With job losses this year reaching 40 million, many Americans are being forced into an unplanned retirement. Maybe they wanted to work until age 65 or later and find themselves out of work at age 60 or 62. Job losses due to Coronavirus layoffs may be the most common reason today. However, many people also enter early retirement due to their health or to care for a spouse or parent.
Each year, the Employee Benefits Research Institute publishes a Retirement Confidence Survey Report. Here are some findings from their 2020 report published in April:
- 48% of current retirees retired earlier than they had planned. Only 6% retired later than they originally planned.
- Less than one-half of workers have tried to calculate how much money they will need to live comfortably in retirement.

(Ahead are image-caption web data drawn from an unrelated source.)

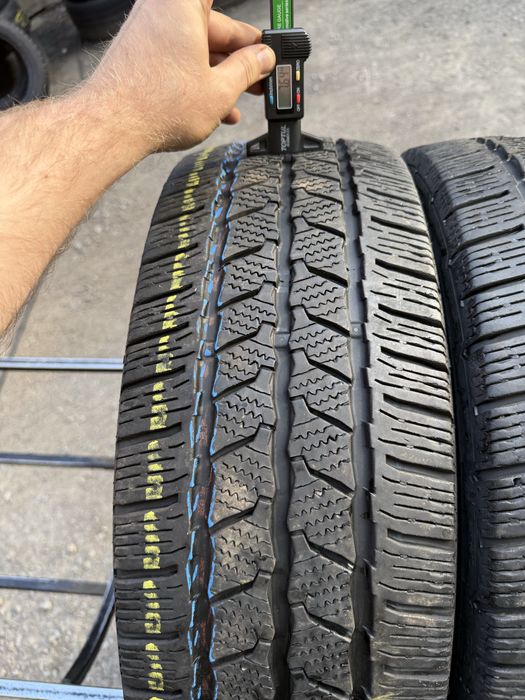 Шины БУ 215 65 R 16 C continental vancowinter зима грузовая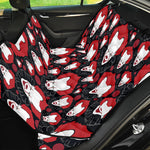 Halloween Scary Clown Pattern Print Pet Car Back Seat Cover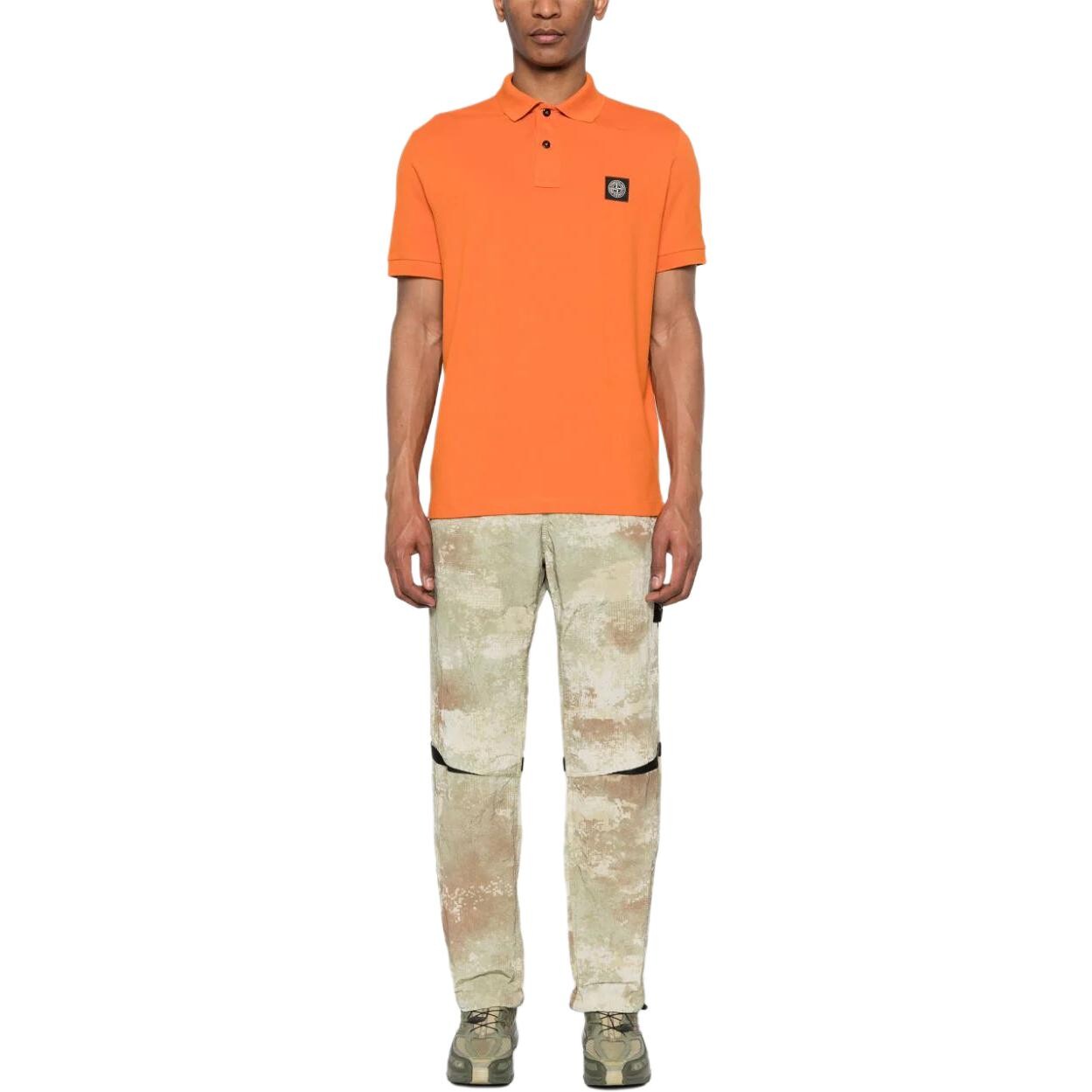 Повседневные брюки мужские Off White Stone Island, кремовый — фото 2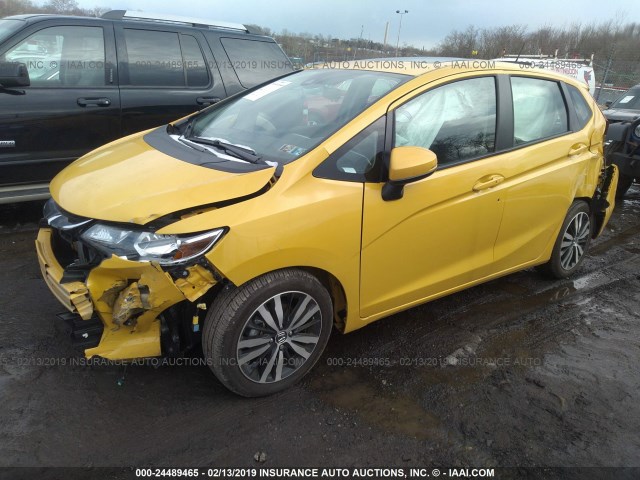 3HGGK5H96JM709332 - 2018 HONDA FIT EX/EXL YELLOW photo 2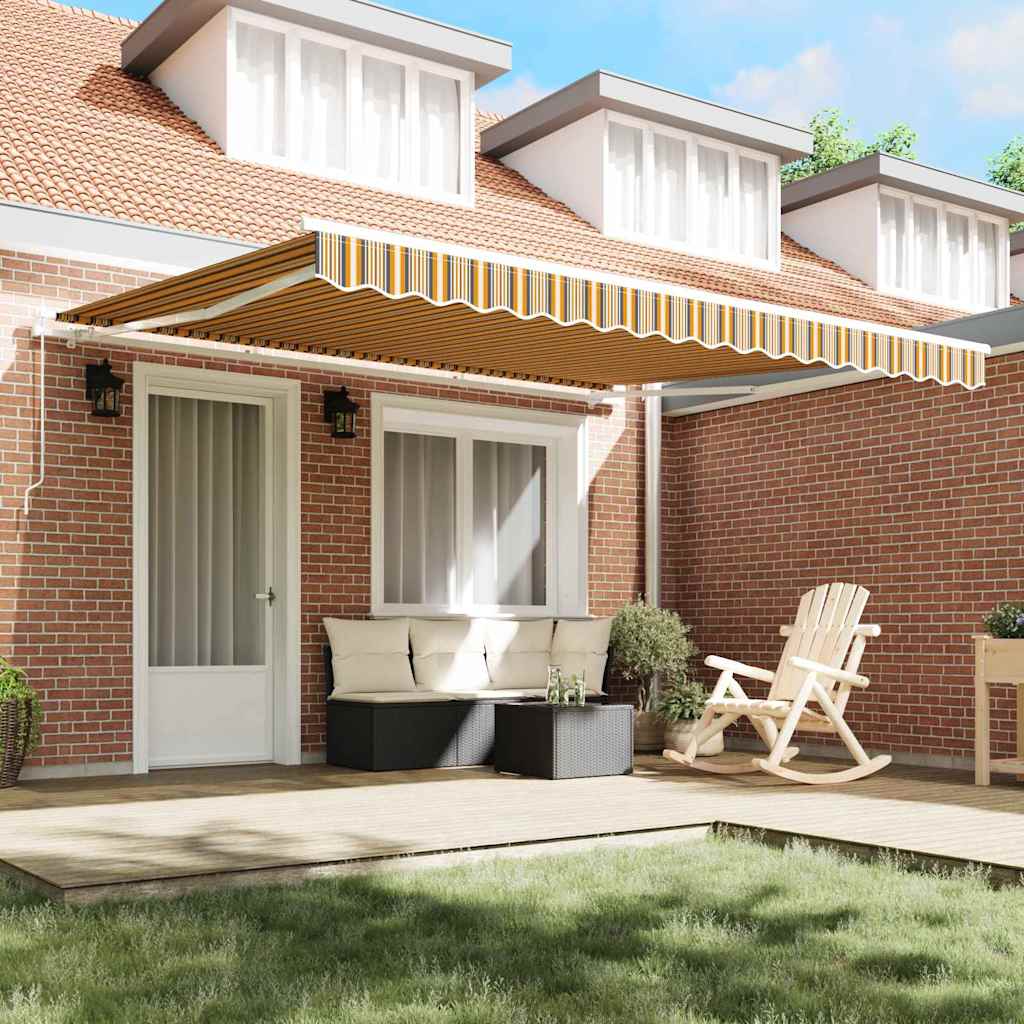 Behúzható napellenző Sokszínű 400 × 300 cm Poliészter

- Of workers who reported their employment status would be negatively effected by the Coronavirus, only 39% felt confident that they will have enough money to last their entire life.
Half of all retirees retired at a younger age then they had planned. That statistic has remained very consistent over the years. In the 1991 report, it was 51%. This is a reality that more people should be preparing for. If you want to retire at 65, 70, or “never”, will you be prepared if you end up retiring at 64, 60, or 55? Certainly, if you enjoy your work, keep on working! But sometimes, the choice is not ours and people find themselves in an early, unplanned retirement.
If you have lost your job or just want to be better prepared should that happen, you need to plan your retirement income carefully.
Unplanned Retirement Steps
- You should begin with a thorough and accurate calculation of your spending needs. Not what you want to spend but what you actually spend. Determine your health insurance costs until age 65 and for Medicare after age 65, including Part B premiums, and Medicare Advantage or Medigap coverage, and Part D prescription drug coverage. Read more: Using the ACA to Retire Early.
- Reduce your expenses. This will require setting priorities and determining where you can do better. Still, there may be some low hanging fruit where you can save money with little or no change in your lifestyle. Read more: Cut Expenses, Retire Sooner
- Calculate your sources of retirement income. Read more: When Can I Retire?
- Be careful of starting Social Security at age 62. This is very difficult for people to not access “free money”, everyone wants to do it. Be sure to consider longevity risk and the possible benefits of spending investments first and delaying Social Security for a higher payout later. Read more: Social Security, It Pays to Wait
- Consider going back to work, even part-time, to avoid starting retirement withdrawals. The more you delay your retirement, the more likely you will not run out of money later. Here’s the math on why: Stop Retiring Early, People!
Be Prepared for the Unexpected
I think the best way to survive an unplanned retirement is to achieve financial independence at an early age. If you could retire at 50, plan to work until 65, and end up retiring at 60, it’s no problem. This requires saving aggressively and investing prudently from an early age. And that’s why retirement planning isn’t just for people who are 64. Retirement planning should also be for people who are 54, or 44, or even 34. Plan well, and an early retirement could be a good thing. It’s your chance to begin a new adventure!
If – surprise! – you do happen to be facing an unplanned retirement, let’s talk. We can help you evaluate your options for retirement income and establish a process and budget. Our retirement planning software can help you make better informed decisions, including when to start benefits, how much you can withdraw, and if you have enough money to last your lifetime.
It certainly is a shock to people when they end up retiring earlier than they had originally planned. However, it is very common and about half of all retirees are in the same situation. Unfortunately, not everyone who has an unplanned retirement will be having the comfortable years they had hoped. Basing your retirement on the assumption that you will work until age 70 or later may not be realistic. It could even set you up for failure if you end up needing to retire early. Whatever your age, retirement planning is too important to not seek professional help.